The Week In Barcelona: What went well, what didn't – and who won and lost

As part of a new series on FourFourTwo.com, Tim Stannard muses on a result Barcelona certainly didn't see coming...

The week in five words

That didn’t go to plan.

What went well

Although the result was far from what the geed-up capacity crowd in the Camp Nou predicted, solace can still be taken that the Saturday night scoreline was a mere blip in the recent history of Barcelona, which has been one of dominance over Real Madrid.

Six of the last 10 league titles have gone to the Catalan club, compared to three for their rivals – and just one coming in the past seven years. 

Cristiano Ronaldo, El Clasico

He Who Must Not Be Named celebrates a late winner

A large chunk of that dominance came from the legacy and lessons of Johan Cruyff, who received a moving tribute from the supporters and players at the Camp Nou after his death from cancer. In all likelihood, the league title trophy is going to stay at the Catalan club for another year.

Although the Clasico was as bad as an evening can get on the sporting front for Barça, the bigger picture is one that should be remembered the morning after the night before. 

What didn’t

To be blunt and not using the finest of the Queen’s English, the 2-1 defeat to Real Madrid was a whole combination of really bad stuff happening to Barcelona, all at the same time. The 39-match unbeaten record in all competitions was flushed down the U-bend of football by Madrid, of all teams – and in the Camp Nou – on the night that the club paid tribute to its most important figure over the past 50 years. 

MSN barely turned up for the occasion, and the winner was scored by the Anti-Christ himself in the form of Cristiano Ronaldo. Even the Atlético Madrid result from earlier on Saturday went into the 'bad-day' tick box. 

The comprehensive 5-1 win over Betis will keep Barcelona on its toes over the remaining games of the season, with the Rojiblancos six points behind now.
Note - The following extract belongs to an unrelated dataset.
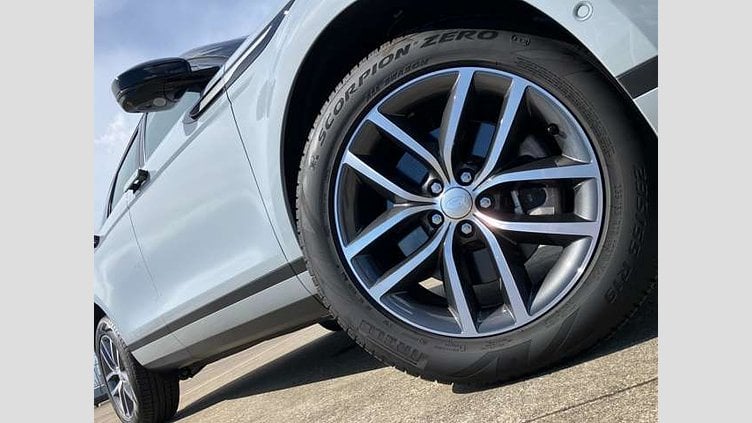 2024 認定中古車 Land Rover Range Rover Evoque アロイオスグレイ D200マイルドハイブリッド（ディーゼル） スタンダードホイールベース S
It also serves as a reminder of another Madrid team ready to bring its A-game to the Camp Nou in the Champions League on Tuesday.

Aside from that, everything went very peachy indeed. “The game no longer exists for me,” claimed Luis Enrique, “there’s no pain.”

Quote of the week

Gerard Piqué summed up the feelings of some fretting Barcelona fans around the world with the team’s Treble-hunting season coming into the business end.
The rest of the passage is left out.